訪問先のフィジーでの記者会見で「試験は中国による急速な軍備増強の中で行われたものであり、地域が求める透明性や意図に関する安心感を欠いている」と述べた。
オーストラリアとフィジーは実験の数時間前、いずれか一方が攻撃を受けた場合に他方が支援に当たることを双方に義務付ける防衛同盟に署名した。
中国と、米国やオーストラリアが主導する西側諸国は、戦略的な要衝である太平洋の島しょ国を巡って長年影響力を競い合っており、中国は南太平洋全域で経済・安全保障面での影響力拡大を図ってきた。
ロンドンに拠点を置く国際戦略研究所(IISS)の中国安全保障・防衛政策担当上級研究員、メイア・ヌウェンズ氏は「中国がオーストラリアとフィジーの合意に対する不満を表明しようとしている可能性がある」とした上で、「ただ、今回の発射は逆効果となり、南太平洋諸国における中国のイメージを悪化させる恐れがある」と指摘した。

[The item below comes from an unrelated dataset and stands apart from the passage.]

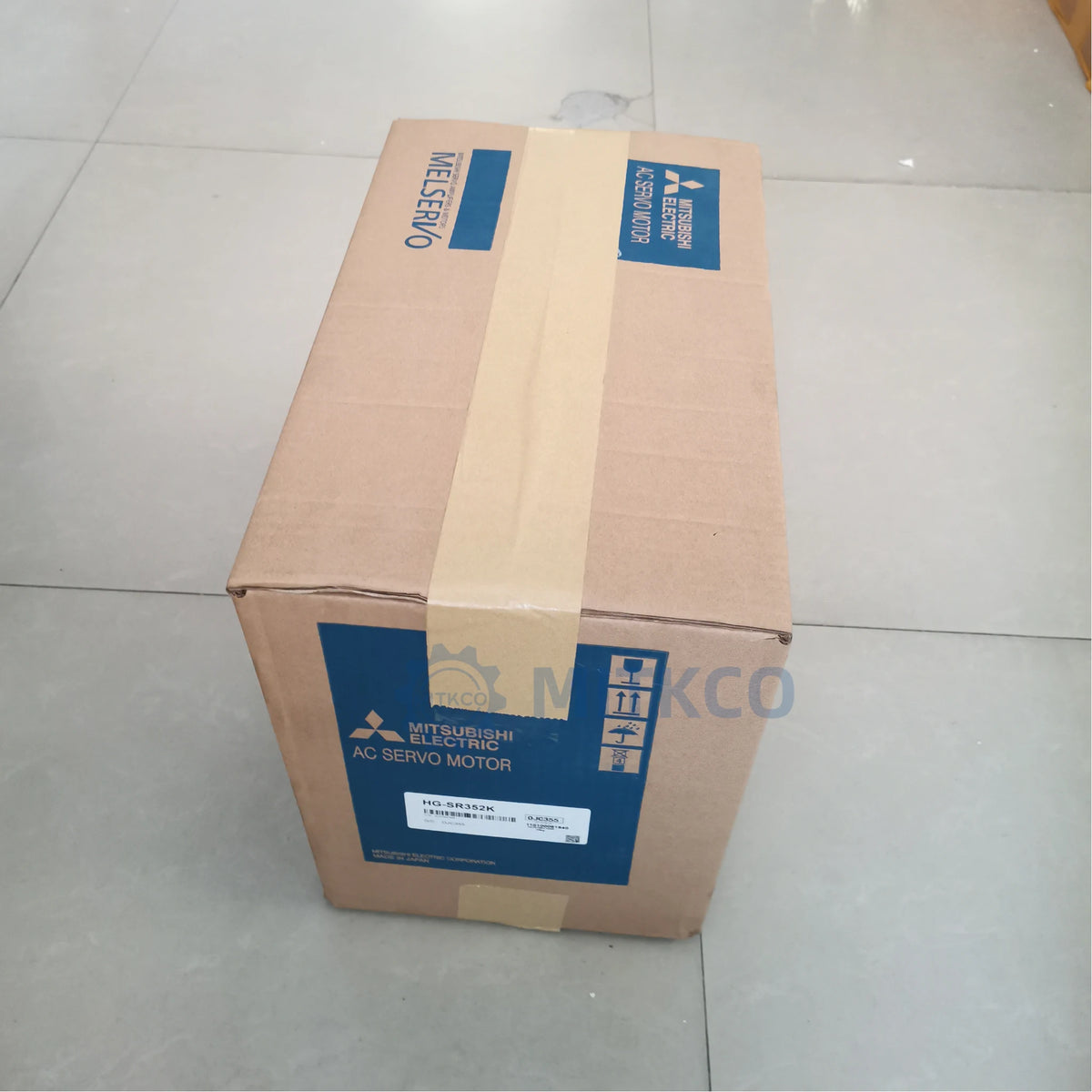 HG-SR352K Mitsubishi 3.5kW AC Servo Motor Keyed Shaft IP67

NZに拠点を置く船舶追跡会社スターボード・マリタイム・インテリジェンスのアナリスト、マーク・ダグラス氏は、今回の実験ははるか以前から計画されていたとし、中国からの通知のタイミングが、オーストラリアとフィジーが「オーシャン・オブ・ピース同盟」に署名した後だった点について「控えめに言っても興味深い」と指摘した。

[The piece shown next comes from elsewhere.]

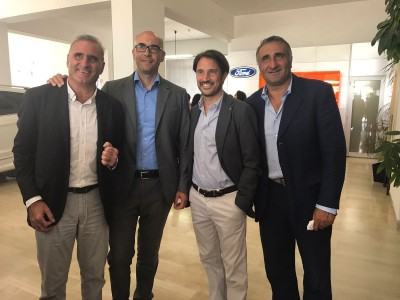 Da dx Gaetano Vumbaca_Francesco Vernillo_Federico Calafiore_ Giuseppe Vumbaca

防衛同盟について問われた中国外務省の毛寧報道官は、関係各国が島しょ国の独立と自主性を尊重し、第三者の利益を標的にしたり損なったりする行為を控えるよう望むと述べた。
NZのピーターズ外相は、今回の実験を深く懸念していると表明。
声明で「わが国がこの種の活動について長年にわたって懸念を表明してきたにもかかわらず、中国はわれわれへの通知から数時間以内に実験を実施したようだ」とし「NZはこれを歓迎できない、懸念すべき事態と受け止める」と語った。
日本政府は6日、中国から弾道ミサイルを発射するとの説明を同日午前に受けたと発表した。発表によると、海上保安庁が5日、中国当局から「宇宙ごみ落下に伴う区域の設定を行う」との通知を受領。区域の一部に日本の排他的経済水域(EEZ)が含まれていた。6日になって中国国防省から北京の日本大使館に対し、弾道ミサイルを発射するとの説明があったという。
防衛省によると、ミサイルが日本の上空を通過したり、EEZ内に飛来したりすることはなかった。
木原稔官房長官は6日午後の記者会見で、日本および地域の安全保障の観点から今回のミサイル発射に懸念を有しており、引き続き警戒・監視活動に万全を期すとともに、関連の動静を注視していくと語った。
こうした域内からの批判に対して、中国の毛報道官は、今回の発射は「終始、安全かつ標準化された専門的なやり方で実施された」と説明。北京での記者会見で「関係国が本件を過度に解釈しないよう望む」と述べた。